__Exercise requirements__.
Everything from the line containing "A basket of" through the line containing "A clear waterproof" should be repeated exactly, and nothing else from the data.

__Data section__.
================

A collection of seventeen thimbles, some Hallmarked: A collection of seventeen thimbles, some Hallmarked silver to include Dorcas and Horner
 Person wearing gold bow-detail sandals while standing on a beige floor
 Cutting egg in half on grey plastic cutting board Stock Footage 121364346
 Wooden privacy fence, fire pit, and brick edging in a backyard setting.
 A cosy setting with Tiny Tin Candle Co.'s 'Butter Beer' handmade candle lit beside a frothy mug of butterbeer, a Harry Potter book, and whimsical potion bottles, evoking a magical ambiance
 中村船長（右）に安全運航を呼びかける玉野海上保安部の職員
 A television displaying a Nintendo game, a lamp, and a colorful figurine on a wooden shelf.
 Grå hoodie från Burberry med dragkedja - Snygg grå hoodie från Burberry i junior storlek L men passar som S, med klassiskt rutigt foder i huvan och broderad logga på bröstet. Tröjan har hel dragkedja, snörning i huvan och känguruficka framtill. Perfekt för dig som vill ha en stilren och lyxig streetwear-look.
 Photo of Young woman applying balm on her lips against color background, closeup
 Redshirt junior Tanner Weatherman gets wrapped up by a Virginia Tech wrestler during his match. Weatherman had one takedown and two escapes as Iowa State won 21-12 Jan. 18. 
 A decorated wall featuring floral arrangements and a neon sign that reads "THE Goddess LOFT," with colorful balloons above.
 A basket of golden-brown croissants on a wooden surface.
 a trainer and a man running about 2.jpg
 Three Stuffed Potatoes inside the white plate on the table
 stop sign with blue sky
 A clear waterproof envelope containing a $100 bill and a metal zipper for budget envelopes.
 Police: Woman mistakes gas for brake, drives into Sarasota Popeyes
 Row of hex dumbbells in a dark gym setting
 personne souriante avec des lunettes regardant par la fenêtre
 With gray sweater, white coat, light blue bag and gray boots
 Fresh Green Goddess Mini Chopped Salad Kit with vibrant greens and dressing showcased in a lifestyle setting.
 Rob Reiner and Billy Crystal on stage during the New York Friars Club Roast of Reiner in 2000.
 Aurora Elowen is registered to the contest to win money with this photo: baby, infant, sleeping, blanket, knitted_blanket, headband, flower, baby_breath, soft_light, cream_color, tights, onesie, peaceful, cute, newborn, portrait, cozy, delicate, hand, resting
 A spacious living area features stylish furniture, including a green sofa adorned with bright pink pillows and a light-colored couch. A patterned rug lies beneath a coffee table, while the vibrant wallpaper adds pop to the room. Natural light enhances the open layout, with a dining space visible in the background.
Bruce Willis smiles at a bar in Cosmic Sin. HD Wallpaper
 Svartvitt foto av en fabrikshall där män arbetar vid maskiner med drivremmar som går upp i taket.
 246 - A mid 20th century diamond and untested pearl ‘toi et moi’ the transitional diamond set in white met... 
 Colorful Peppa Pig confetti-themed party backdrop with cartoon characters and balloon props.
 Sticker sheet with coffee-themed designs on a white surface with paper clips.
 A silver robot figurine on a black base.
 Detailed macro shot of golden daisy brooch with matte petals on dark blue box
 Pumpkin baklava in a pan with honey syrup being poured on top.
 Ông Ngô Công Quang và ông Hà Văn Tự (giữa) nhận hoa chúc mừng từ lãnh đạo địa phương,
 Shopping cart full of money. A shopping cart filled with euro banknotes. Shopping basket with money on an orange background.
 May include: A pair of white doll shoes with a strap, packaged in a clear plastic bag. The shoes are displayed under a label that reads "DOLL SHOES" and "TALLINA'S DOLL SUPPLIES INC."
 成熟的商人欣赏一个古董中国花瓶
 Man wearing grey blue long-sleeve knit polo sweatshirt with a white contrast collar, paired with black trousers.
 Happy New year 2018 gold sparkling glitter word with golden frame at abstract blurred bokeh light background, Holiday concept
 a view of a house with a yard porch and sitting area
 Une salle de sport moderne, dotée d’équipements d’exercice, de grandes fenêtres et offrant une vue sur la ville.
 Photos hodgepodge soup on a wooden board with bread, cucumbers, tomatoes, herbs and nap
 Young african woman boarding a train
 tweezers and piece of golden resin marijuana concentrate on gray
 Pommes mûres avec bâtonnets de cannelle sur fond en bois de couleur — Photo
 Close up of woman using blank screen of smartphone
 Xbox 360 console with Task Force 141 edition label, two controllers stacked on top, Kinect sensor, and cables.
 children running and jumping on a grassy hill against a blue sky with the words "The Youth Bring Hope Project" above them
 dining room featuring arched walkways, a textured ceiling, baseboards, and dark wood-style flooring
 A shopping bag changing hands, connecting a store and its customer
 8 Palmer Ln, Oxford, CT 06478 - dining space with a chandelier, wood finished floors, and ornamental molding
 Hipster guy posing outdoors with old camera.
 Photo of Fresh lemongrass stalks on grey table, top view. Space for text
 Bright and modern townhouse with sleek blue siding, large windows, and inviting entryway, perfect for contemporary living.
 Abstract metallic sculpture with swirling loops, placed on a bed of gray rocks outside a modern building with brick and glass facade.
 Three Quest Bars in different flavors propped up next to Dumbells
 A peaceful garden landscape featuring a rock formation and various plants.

================

__Written response__.
 A basket of golden-brown croissants on a wooden surface.
 a trainer and a man running about 2.jpg
 Three Stuffed Potatoes inside the white plate on the table
 stop sign with blue sky
 A clear waterproof envelope containing a $100 bill and a metal zipper for budget envelopes.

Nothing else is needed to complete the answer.